As may be evident, there are several problems with the existing methods of creating and distributing vocal performances. Firstly, since human efforts are involved, the vocalist is constrained on the number of recordings they may be able to record due to health or term of life issues. Secondly, the inability to record a vocal performance in languages unfamiliar to the vocalist. Thirdly, access to the resources needed and cost of recording vocal performances. Fourthly, manually creating a vocal performance is an arduous process, wherein a large quantity of a vocalist's time is dedicated to a single performance.
Accordingly, there is a need for methods and systems for capturing and identifying the unique vocal attributes of a vocalist and using these attributes to dynamically and accurately generate a vocal performance by that vocalist, and to identify when that vocalists' unique collection of vocal attributes is used to create dynamically generated vocal performances.
As such, it is an object of the present disclosure to provide a method and system for capturing and identifying and storing a vocalists' unique collection of vocal or voice attributes. It is further an object of the present invention to provide a means for associating a vocalist's unique collection of vocal attributes or voice model to generate dynamic outputs and vocal performances. It is further an object of the present invention to reduce the time and cost of a creating a vocalists' vocal performance. It is further an object of the present invention to allow the vocalists the ability to expand the number of recorded vocal performances created using their unique collection of vocal attributes or voice model.
Systems and methods provided herein capture, identify, store and dynamically generate digital audio files of individuals' singing voices during ongoing or recorded vocal performances.

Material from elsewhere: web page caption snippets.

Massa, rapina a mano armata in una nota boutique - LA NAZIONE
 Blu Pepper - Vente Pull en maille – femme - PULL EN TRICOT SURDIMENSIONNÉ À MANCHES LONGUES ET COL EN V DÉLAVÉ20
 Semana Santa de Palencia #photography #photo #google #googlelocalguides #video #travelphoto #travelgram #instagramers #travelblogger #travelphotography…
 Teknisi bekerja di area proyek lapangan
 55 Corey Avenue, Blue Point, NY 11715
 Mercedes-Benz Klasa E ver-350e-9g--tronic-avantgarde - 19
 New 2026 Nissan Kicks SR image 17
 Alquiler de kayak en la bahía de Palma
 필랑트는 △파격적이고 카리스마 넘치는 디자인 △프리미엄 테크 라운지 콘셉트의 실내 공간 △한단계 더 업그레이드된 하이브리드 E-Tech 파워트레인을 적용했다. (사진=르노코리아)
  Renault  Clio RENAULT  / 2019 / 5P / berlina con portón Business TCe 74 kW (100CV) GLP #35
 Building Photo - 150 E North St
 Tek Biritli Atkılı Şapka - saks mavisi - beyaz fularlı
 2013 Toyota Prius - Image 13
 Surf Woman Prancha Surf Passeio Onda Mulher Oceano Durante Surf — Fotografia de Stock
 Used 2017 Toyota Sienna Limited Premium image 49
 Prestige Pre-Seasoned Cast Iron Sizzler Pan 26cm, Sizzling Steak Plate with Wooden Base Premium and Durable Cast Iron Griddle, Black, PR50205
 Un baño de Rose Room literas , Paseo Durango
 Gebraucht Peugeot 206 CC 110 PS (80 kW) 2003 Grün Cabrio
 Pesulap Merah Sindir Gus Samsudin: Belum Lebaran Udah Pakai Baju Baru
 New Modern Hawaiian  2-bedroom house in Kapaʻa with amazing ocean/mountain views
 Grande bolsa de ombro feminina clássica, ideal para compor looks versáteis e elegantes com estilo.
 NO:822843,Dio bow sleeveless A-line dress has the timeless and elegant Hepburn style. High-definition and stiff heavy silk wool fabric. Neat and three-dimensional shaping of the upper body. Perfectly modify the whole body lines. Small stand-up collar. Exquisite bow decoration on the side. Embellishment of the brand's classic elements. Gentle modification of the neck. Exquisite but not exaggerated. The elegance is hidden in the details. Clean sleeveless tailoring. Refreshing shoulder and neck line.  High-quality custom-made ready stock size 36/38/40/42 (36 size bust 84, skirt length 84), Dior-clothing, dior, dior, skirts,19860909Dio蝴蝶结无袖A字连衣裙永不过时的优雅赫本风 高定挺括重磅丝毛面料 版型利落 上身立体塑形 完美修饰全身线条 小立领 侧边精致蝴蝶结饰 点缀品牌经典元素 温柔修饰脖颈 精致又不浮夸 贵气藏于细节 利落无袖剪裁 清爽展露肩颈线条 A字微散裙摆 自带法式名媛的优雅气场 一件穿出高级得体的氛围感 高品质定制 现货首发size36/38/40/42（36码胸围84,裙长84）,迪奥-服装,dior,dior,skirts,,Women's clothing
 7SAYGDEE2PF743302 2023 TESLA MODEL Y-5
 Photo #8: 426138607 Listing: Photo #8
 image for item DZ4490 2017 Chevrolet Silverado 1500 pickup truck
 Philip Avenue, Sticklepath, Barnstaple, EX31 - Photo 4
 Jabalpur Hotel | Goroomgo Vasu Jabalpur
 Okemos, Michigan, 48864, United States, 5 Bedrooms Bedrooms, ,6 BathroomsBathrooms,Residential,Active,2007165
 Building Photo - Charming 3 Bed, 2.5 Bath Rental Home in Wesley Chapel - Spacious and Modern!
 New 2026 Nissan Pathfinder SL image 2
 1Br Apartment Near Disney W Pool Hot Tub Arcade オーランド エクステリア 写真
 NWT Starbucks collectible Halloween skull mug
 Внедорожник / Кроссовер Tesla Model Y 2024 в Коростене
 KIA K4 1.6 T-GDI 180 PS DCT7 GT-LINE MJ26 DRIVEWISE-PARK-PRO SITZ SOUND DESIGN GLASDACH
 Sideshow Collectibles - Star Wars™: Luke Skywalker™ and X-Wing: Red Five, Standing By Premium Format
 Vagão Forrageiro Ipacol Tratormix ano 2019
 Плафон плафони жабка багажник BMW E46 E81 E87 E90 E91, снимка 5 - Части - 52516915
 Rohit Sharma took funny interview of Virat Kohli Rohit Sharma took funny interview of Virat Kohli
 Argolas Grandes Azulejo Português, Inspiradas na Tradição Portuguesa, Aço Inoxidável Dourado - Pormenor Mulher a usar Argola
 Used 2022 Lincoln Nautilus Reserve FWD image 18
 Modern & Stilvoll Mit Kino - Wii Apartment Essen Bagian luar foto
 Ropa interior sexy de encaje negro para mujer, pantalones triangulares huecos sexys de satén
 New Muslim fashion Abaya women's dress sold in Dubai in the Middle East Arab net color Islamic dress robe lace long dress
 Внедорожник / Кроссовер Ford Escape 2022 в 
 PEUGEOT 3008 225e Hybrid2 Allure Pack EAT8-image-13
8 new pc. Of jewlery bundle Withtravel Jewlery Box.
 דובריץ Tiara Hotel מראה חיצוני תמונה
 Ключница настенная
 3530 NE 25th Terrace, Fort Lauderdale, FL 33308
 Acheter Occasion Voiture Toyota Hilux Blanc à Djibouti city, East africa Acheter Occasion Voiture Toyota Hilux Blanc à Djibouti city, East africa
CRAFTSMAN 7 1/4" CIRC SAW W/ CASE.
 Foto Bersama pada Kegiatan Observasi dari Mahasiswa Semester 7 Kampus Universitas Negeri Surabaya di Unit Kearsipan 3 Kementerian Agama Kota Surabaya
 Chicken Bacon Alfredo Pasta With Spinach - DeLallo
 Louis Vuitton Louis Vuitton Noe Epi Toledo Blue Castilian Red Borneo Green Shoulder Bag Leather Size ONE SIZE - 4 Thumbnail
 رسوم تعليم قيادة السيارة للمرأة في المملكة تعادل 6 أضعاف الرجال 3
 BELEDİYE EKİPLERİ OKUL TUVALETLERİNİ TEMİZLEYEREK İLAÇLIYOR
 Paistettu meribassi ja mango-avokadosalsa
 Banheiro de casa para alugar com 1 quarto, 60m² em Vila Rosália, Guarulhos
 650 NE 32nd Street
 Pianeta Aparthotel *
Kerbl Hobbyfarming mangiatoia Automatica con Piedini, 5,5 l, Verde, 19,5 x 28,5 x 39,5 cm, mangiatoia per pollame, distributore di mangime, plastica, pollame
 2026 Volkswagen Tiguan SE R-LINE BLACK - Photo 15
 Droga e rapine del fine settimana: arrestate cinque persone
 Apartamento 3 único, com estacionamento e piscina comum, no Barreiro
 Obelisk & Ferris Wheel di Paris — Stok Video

Systems and methods digitally capture, identify and store unique vocal attributes of a persons' singing voices. These attributes include singing voices' range, timbre, flexibility, control, vibrato, resonance, articulation, expressiveness, stamina, tone and power. The attributes also comprise vocal traits including the use of feel, phrasing, pronunciations, language, articulation, dynamics, meter and rhythm.
Systems and methods comprise processing, normalizing, identifying, and storing these vocal attributes as a unique voice model. Voice and speech recognizer algorithms and an identifier code for a voice model may then be utilized to identify and retrieve a stored voice model. The voice and speech recognizer algorithms and the identifier code may then be used to generate dynamic outputs or digital audio files. The system may include hardware and software to provide deep neural networks used by artificial intelligence to carry out steps of the method.
Systems and methods may also reduce the time and cost of generating a vocal performance, to generate a vocal performance of an individual who can no longer perform vocally, to generate language translations of a vocal performance, and to account for the use of an individual's singing voice within a vocal performance.
An existing recording of a sung item of music may be analyzed in a similar manner as a live performance. Attributes of the vocalists singing voice may be extracted from a playing of the recording and a voice model and accompanying identifier similarly created.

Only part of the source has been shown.